His voice suddenly got loud as he looked at Sebastian, still hesitating. “Didn’t you hear me?” He let out a trail of slurs in numerous languages, all attacking Sebastian and his cowardess. Jim shook slightly, his eyes tearing, but not from sadness, from frustration. “J-just do it.”
The hitch in his voice was small, but apparent. “Sebastian… pull the trigger… the last thing I ask of you… pull the fucking trigger.”
Even though he knew this was what Jim wanted, it didn’t make it any easier. He had dedicated his every waking moment for the better part of a decade to this man, and here Jim was, pressing his head into the business end of the gun and telling Sebastian to pull the trigger.
“Bastard.”
What would he do without Jim? What would he be able to do? He could join the French foreign legion, he could go back to India, or he could start up as a body guard in Italy or someplace in a spanish-speaking country. He could still do something dangerous and risky, but without Jim… .
“Kill me.”
Without Jim Moriarty it would be torture. Sebastian was staring at the man who was getting slightly red in the face, who was yelling at him, raging. It would be the worst sort of feeling in the world, living without Jim. He’d grow old, and, even worse, comfortable. And then he’d probably start forgetting things.
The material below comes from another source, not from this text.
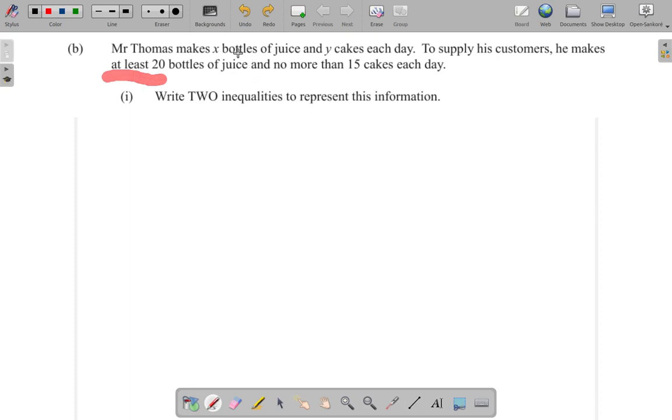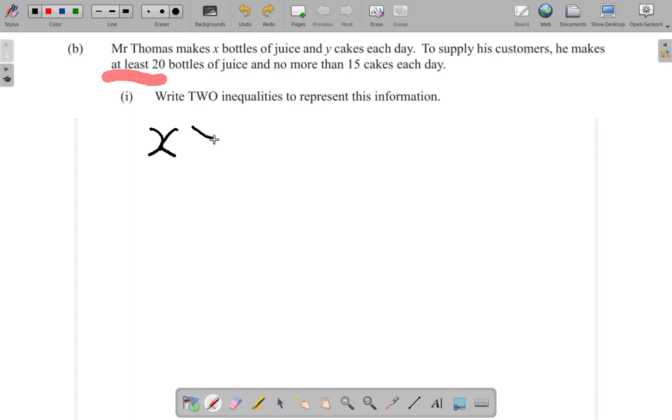x represents the bottles of juice, so x, the number of bottles of juice, must be 20 or more. x is greater than or equal to 20. That's the first inequality.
Jim began to curse in Gaelic and Sebastian only caught about half of the other languages the man used. He’d forget those first; and be stuck with just English and Spanish. He’d quickly forget his military training and wouldn’t be able to tell a pistol from a rifle, much less be able to shoot either. He’d forget the war, and wouldn’t miss it. Next would be the jungle, and the feel of mud on his legs and blood on his hands. And then, like his father had done to him, so many years ago, asking for Jasper and not this scarred stranger, Sebastian would forget his name.
The man was starting to tear up and Sebastian knew it wasn’t because he was sad. Jim was just angry. Angry at him.
He would forget Jim too, and that realization hit him harder than anything else. He couldn’t do that to Jim, whose biggest fear was being forgotten. Couldn’t live knowing that slowly, surely, his Alzheimer’s would eat at his brain, steal away his memories and leave him a shell, empty and complacent in a world that would provide him anything he wanted, and in the end all Sebastian would remember was that there was something terrible about living so comfortably. A man is only truly dead when his name is said for the last time.
“Sebastian.”
Sebastian looked, really looked at this man in front of him, and he understood something awful about himself; he was a coward, he was weak, and most of all, he couldn’t live without James Moriarty.
He took a deep breath and in a second he had stepped forwards, pulled Jim to him, held the other man close, Jims head tucked neatly under his. He shut his eyes, swallowed, pushed the barrel cruelly underneath Jims jaw, his other hand holding Jim tightly to his body as he pulled the trigger, releasing the bullet that tore through Jims and then his brain.
The last thing he thought of in that infinity of a second as the gun seared through his shattered skull was flashes of the jungle. The tight knit trees were large and imposing, dark and inviting and warm, dangerous and enticing and echoing with a need that said to Sebastian, you are mine, and you belong to me.
And then, Sebastians mind went dark, and he became only a memory that would surely be forgotten, as the only one who would have bothered to remember Sebastian Moran was dead by his own hand.